“Trabalhai, não pelo alimento que perece”
“Trabalhai, não pelo alimento que perece”
CONFORME NARRADO POR DAVID LUNSTRUM
Meu irmão Elwood e eu estávamos a mais de nove metros de altura, pintando um novo letreiro no prédio da gráfica da Sociedade Torre de Vigia (dos EUA). O letreiro continua lá, após mais de 40 anos, incentivando as pessoas com os dizeres: “LEIA DIARIAMENTE A PALAVRA DE DEUS, A BÍBLIA SAGRADA”. Toda semana, milhares de pessoas o observam ao passarem pela famosa Ponte de Brooklyn.
ENTRE as primeiras coisas de que me lembro quando criança está o dia de lavar roupa. Às cinco da manhã, minha mãe já estava de pé, lavando as roupas de nossa grande família, enquanto papai se arrumava para o trabalho. Como de costume, iniciava-se uma discussão acalorada, com papai argumentando que de algum modo o homem havia evoluído no decorrer de milhões de anos e minha mãe citando a Bíblia para provar que os humanos foram criados diretamente por Deus.
Já à tenra idade de sete anos, eu me dava conta de que minha mãe estava com a verdade. Embora gostasse muito de papai, me apercebia de que o que ele acreditava não oferecia esperança para o futuro. Como minha mãe ficaria feliz de saber que, muitos anos depois, dois filhos dela fizeram um letreiro que incentiva as pessoas a lerem a Bíblia, o livro que ela tanto amava!
Mas estou me adiantando muito em minha história. Como vim a ingressar em tal serviço privilegiado? Preciso voltar ao ano de 1906, três anos antes do meu nascimento.
O fiel exemplo de minha mãe
Nessa época mamãe e papai eram recém-casados e moravam numa tenda, no Estado do Arizona. Um Estudante da Bíblia, como eram então chamadas as Testemunhas de Jeová, passou por ali e ofereceu à mamãe uma coleção de livros escritos por Charles Taze Russell intitulada Estudos das Escrituras. Ela passou a noite toda lendo os livros e logo percebeu que essa era a verdade que estivera procurando. Foi-lhe difícil esperar por papai, que havia saído à procura de emprego.
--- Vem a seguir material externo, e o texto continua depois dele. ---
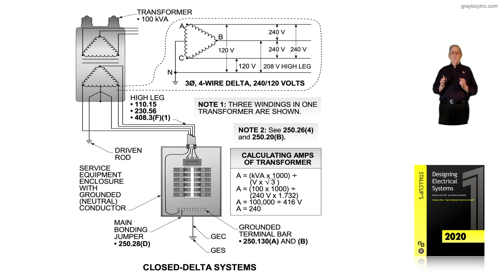We are using three windings in a transformer, or individual transformers, to obtain a closed delta system.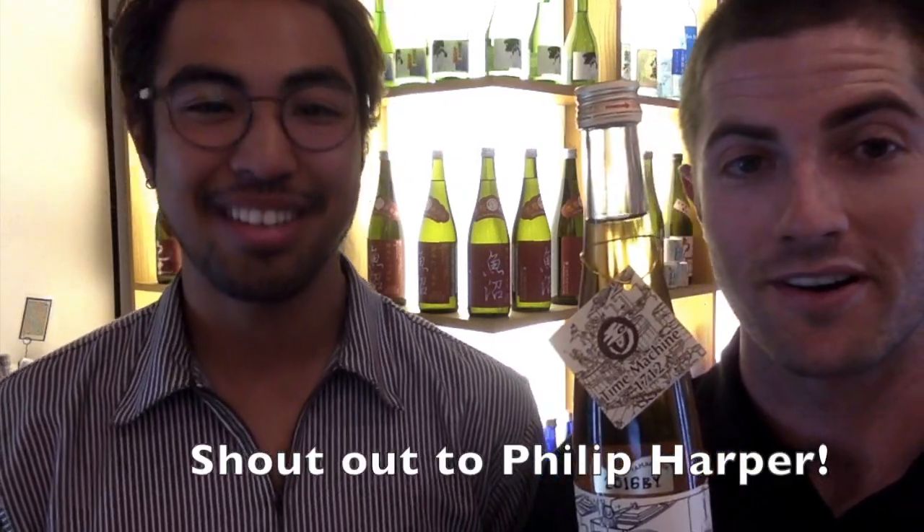This particular brewery, Tamagawa — their brewmaster is a British guy, Philip Harper. He's the only non-Japanese toji or brewmaster in Japan. Shout out to Philip Harper! He's been with Tamagawa for almost 25 years now, so he really knows what he's doing. He always likes to push the envelope, do things a little bit out of the ordinary, really push the sake world. He respects traditionalism but also likes to play around a little bit. So let's go ahead and give this one a try.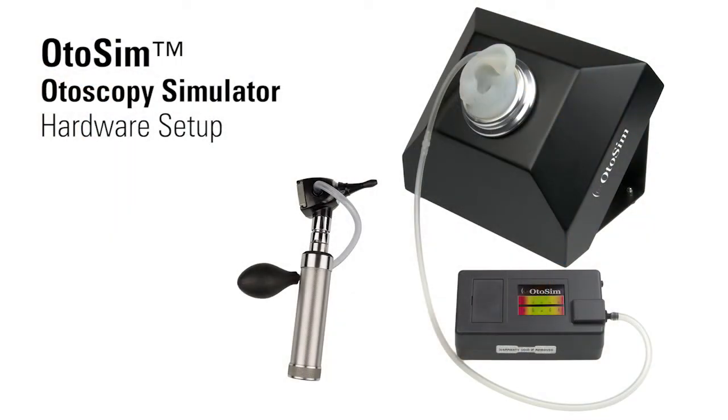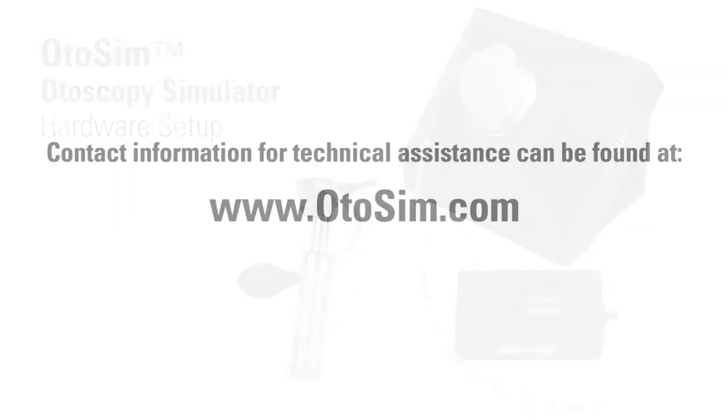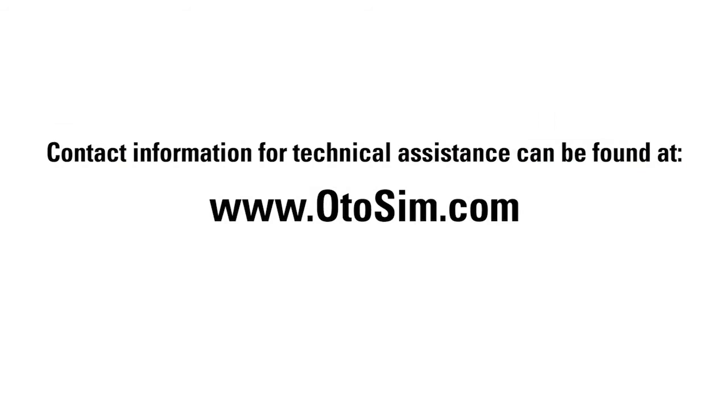This concludes the hardware setup component for OdoSIM. If you need technical assistance, all contact information is available on our website at www.otosim.com, and one of our representatives will be happy to assist you.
Meu pai também não estava satisfeito com o que as igrejas ensinavam e por isso, durante certo tempo, aceitou as verdades bíblicas. Mas, passado um tempo, ele fez outras escolhas quanto à religião, chegando a tornar as coisas difíceis para minha mãe. Ela, porém, nunca deixou de cuidar das necessidades físicas e espirituais dos filhos.
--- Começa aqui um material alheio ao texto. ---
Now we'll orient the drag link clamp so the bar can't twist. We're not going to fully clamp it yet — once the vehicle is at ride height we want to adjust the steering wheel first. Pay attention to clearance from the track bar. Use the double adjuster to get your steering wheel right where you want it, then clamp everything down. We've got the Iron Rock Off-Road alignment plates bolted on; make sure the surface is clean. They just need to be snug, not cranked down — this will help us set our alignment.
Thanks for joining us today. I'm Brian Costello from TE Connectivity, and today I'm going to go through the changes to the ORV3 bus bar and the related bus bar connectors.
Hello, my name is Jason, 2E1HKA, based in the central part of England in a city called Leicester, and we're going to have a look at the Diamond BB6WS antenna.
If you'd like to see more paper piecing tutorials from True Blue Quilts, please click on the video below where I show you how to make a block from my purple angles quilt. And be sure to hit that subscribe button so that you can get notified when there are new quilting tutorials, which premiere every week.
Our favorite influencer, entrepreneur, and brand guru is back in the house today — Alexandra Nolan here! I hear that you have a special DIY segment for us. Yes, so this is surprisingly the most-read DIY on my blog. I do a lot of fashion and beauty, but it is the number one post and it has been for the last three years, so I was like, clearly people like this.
Nunca vou me esquecer dela descendo toda noite ao andar térreo da casa, após um dia bem cansativo, para ler um trecho da Bíblia para nós ou partilhar alguma jóia do conhecimento espiritual. Papai era muito trabalhador também, e, quando fiquei mais velho, ele me ensinou o ofício de pintura. Ele me ensinou a trabalhar, mas mamãe me ensinou em prol de que trabalhar: ‘Pelo alimento que não perece’, como Jesus havia instruído. — João 6:27.
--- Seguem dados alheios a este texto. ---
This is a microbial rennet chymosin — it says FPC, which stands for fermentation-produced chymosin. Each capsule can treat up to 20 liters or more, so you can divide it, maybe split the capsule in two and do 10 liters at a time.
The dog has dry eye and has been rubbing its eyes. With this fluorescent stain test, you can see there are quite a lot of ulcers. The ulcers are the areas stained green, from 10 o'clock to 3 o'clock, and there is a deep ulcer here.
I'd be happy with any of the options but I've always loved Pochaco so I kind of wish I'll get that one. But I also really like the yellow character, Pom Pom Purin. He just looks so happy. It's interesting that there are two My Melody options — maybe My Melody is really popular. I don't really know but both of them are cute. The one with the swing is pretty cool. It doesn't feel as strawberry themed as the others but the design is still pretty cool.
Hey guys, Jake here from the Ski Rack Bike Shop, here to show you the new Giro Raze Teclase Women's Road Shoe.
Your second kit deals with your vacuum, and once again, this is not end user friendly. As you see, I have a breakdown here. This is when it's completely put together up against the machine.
Com o tempo, nossa família se estabeleceu numa cidadezinha chamada Ellensburg, no Estado de Washington, a cerca de 180 quilômetros a leste de Seattle. Na época em que nós, os filhos,
começamos a assistir às reuniões dos Estudantes da Bíblia junto com nossa mãe, elas eram realizadas nas casas das pessoas. Quando se enfatizou que era preciso participar no ministério de casa em casa, todos os homens de nosso grupo de estudo deixaram de ir às reuniões, mas mamãe nunca titubeou. Isso deixou em mim uma impressão indelével: sempre confiar na direção da organização de Jeová.Meus pais tiveram nove filhos. Nasci em 1.º de outubro de 1909, o terceiro filho. Ao todo, seis de nós, filhos, seguimos o excelente exemplo de nossa mãe, tornando-nos Testemunhas de Jeová zelosas.
Dedicação e batismo
No fim da adolescência, fiz minha dedicação a Jeová, e, em 1927, simbolizei-a publicamente pelo batismo, realizado em Seattle, num prédio antigo, usado anteriormente como igreja batista. Gostei de ver que o velho campanário havia sido tirado. Fomos acompanhados até a piscina, no porão, onde recebemos uma longa túnica preta para vestir. Parecia que estávamos indo para um funeral.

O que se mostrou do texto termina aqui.